→ Exercise prompt
Transcribe the records that follow in their entirety, omitting any pictures.

→ Stored records

•••

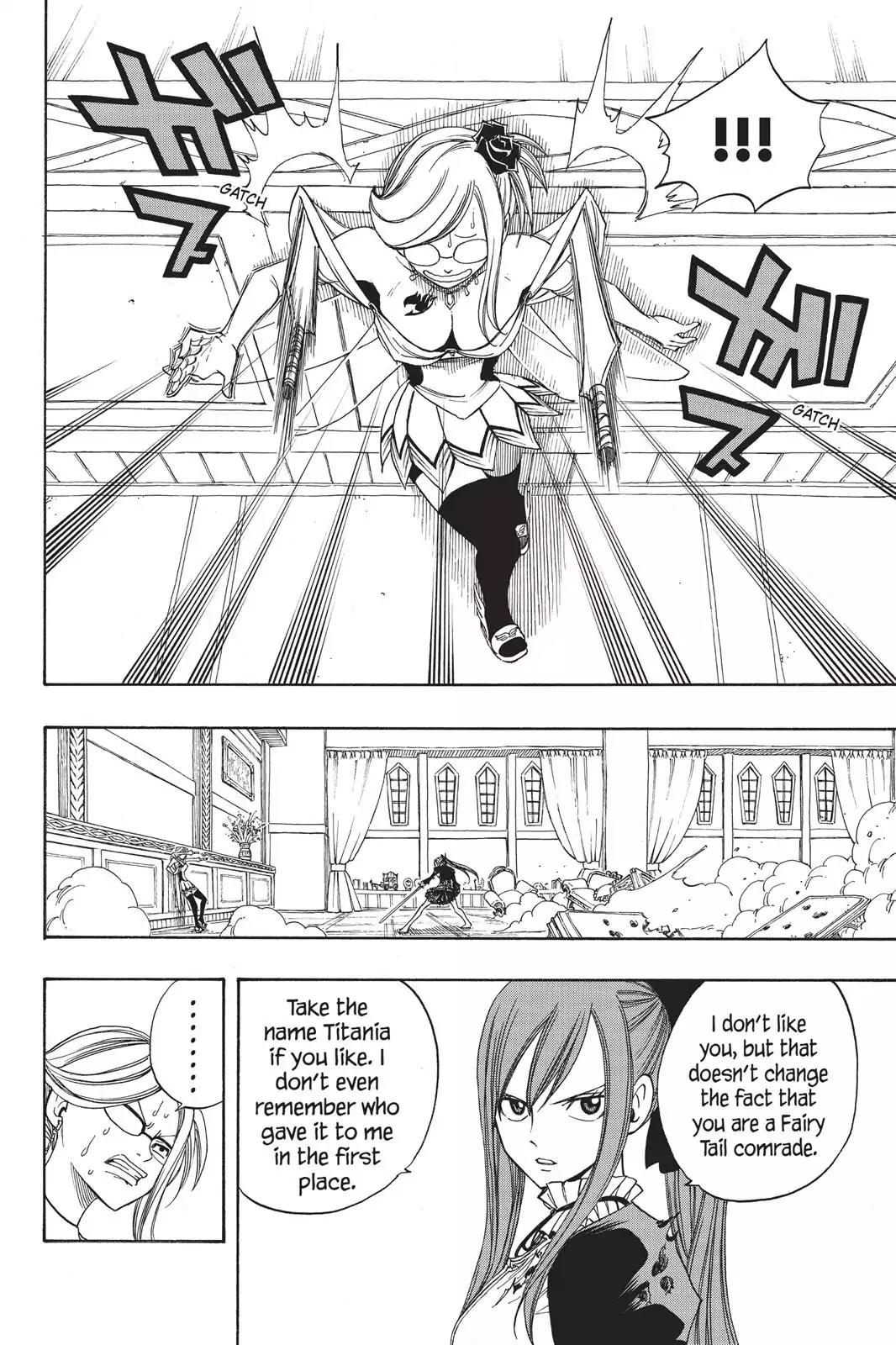 Fairy Tail Chapter 112 - Page 17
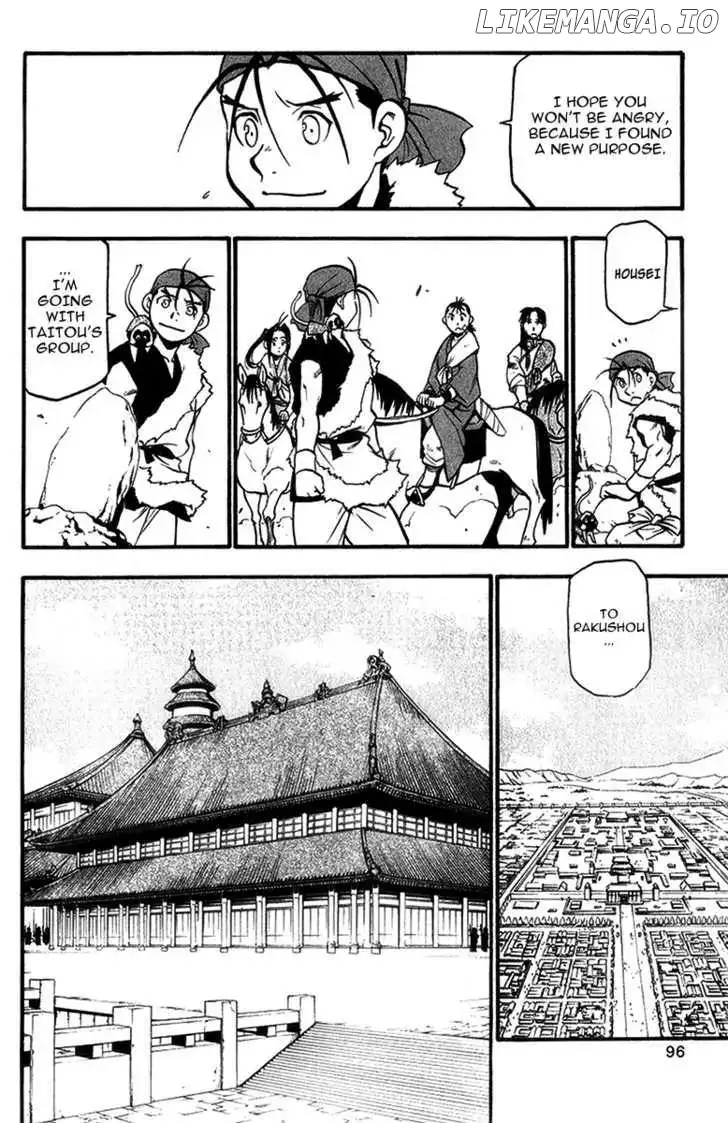 Juushin Enbu Chapter 6 page 5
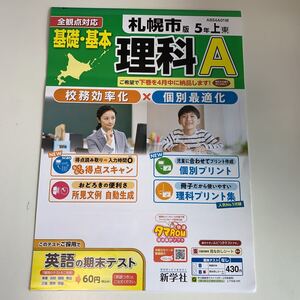 Y26.392 理科A 新学社 札幌市版 ドリル 計算 小5年 上 受験 テスト プリント 予習 復習 国語 算数 理科 社会 英語 家庭科 教材 家庭学習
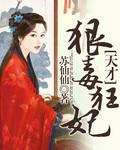 天才狂妃不好惹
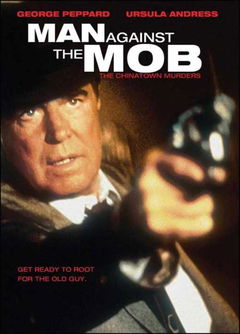 Man Against the Mob (1988)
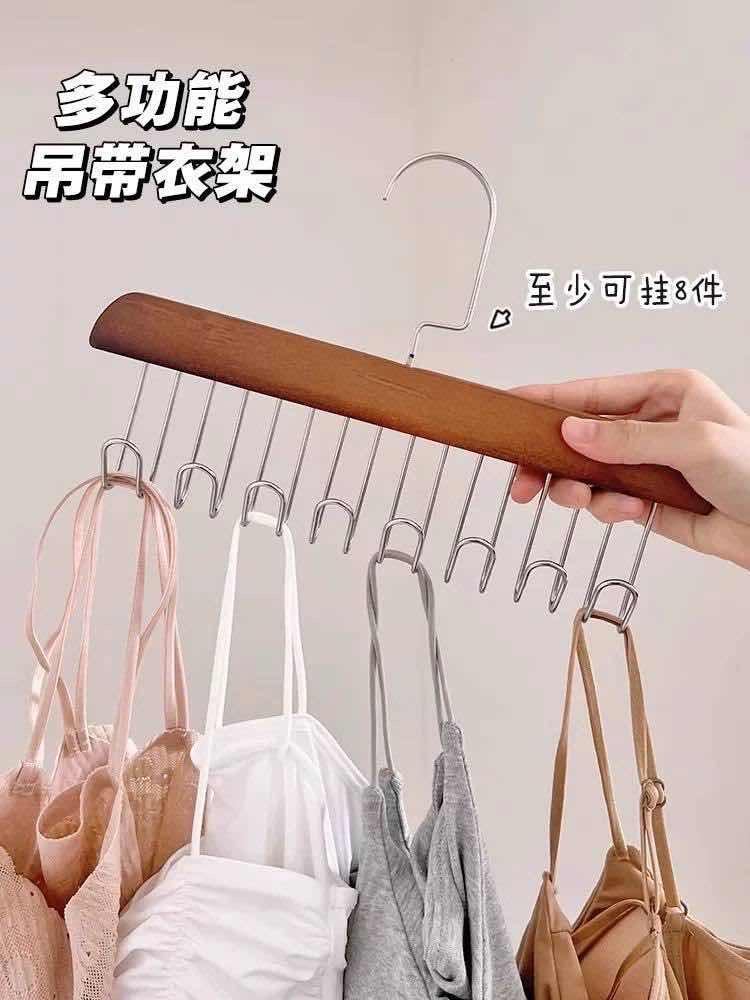ស្នួរព្យួរខោអាវម៉ូតថ្មី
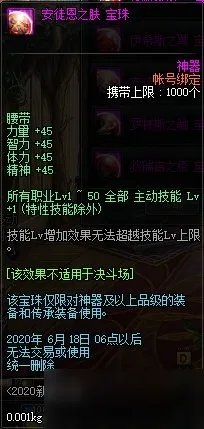 《DNF》2021春节套宝珠是什么 2021春节套宝珠一览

•••

→ Solved problem
 Fairy Tail Chapter 112 - Page 17
 Juushin Enbu Chapter 6 page 5
 Y26.392 理科A 新学社 札幌市版 ドリル 計算 小5年 上 受験 テスト プリント 予習 復習 国語 算数 理科 社会 英語 家庭科 教材 家庭学習
 天才狂妃不好惹
 Man Against the Mob (1988)
ស្នួរព្យួរខោអាវម៉ូតថ្មី
 《DNF》2021春节套宝珠是什么 2021春节套宝珠一览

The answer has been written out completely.